Disney’s Full Monty revival strips away classless illusion
In an era when screen portrayals of working-class British life have waned, the lads of the 1997 classic are returning — and things have hardly got better




It’s easy to be cynical about Disney+ reviving The Fully Monty as an eight-episode miniseries, bringing back most of the original cast and original writer Simon Beaufoy.
It is a cliché to argue that Hollywood has no original ideas. In some ways, film and television are as creative and inventive as they have ever been.
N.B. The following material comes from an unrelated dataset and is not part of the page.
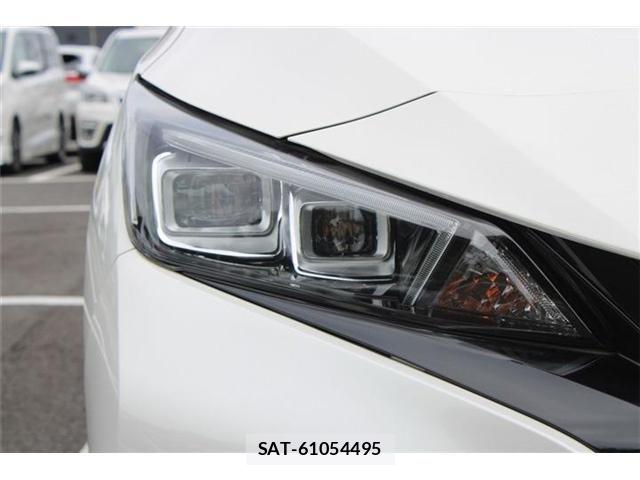 Nissan LEAF 2022-03 8666361-15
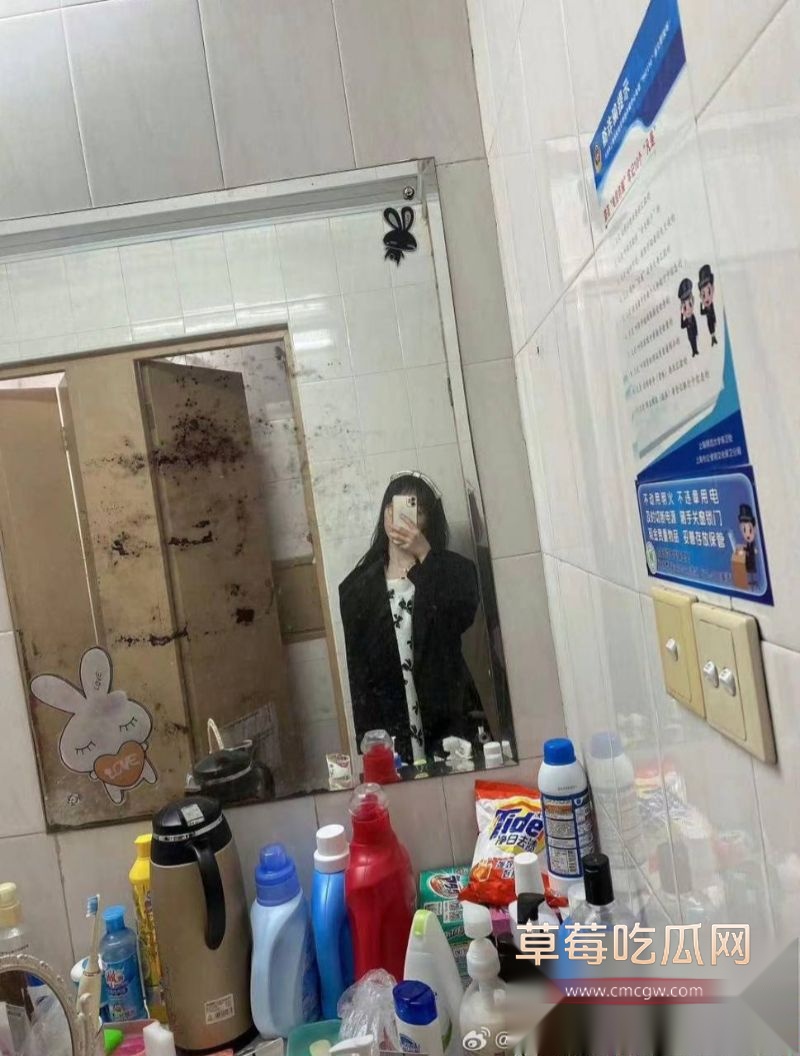梁凰荣出轨聊天记录小红书女员工梁凰荣相关图片21 梁凰荣出轨聊天记录小红书女员工梁凰荣相关图片21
However, there is also a sense that mainstream culture is dominated by an endless stream of recycled ideas and concepts, with studios flailing desperately for the guaranteed return on investment that comes from a Spider-Man or Batman film.
Skipping through the television channels over the past decade, it’s even worse: one might assume that the 1990s never ended. The X-Files came back for a two-season revival. Will & Grace enjoyed a three-season resurrection on NBC. And Just Like That returns for a second season this year, catching up with the girls from Sex and the City 25 years after audiences first tuned in. Even Roseanne came back, with ABC later rebranding the series as The Connors.
Part of this trend is driven by the desire to revisit old characters played by their original actors. The Star Wars sequels are the highest-profile recent examples, but the trend even extends to horror, with Jamie Lee Curtis returning to Halloween and Ellen Burstyn coming back to The Exorcist. This month alone, 71-year-old Michael Keaton is returning as the Caped Crusader in The Flash and 80-year-old Harrison Ford is once again taking up the bullwhip in Indiana Jones and the Dial of Destiny.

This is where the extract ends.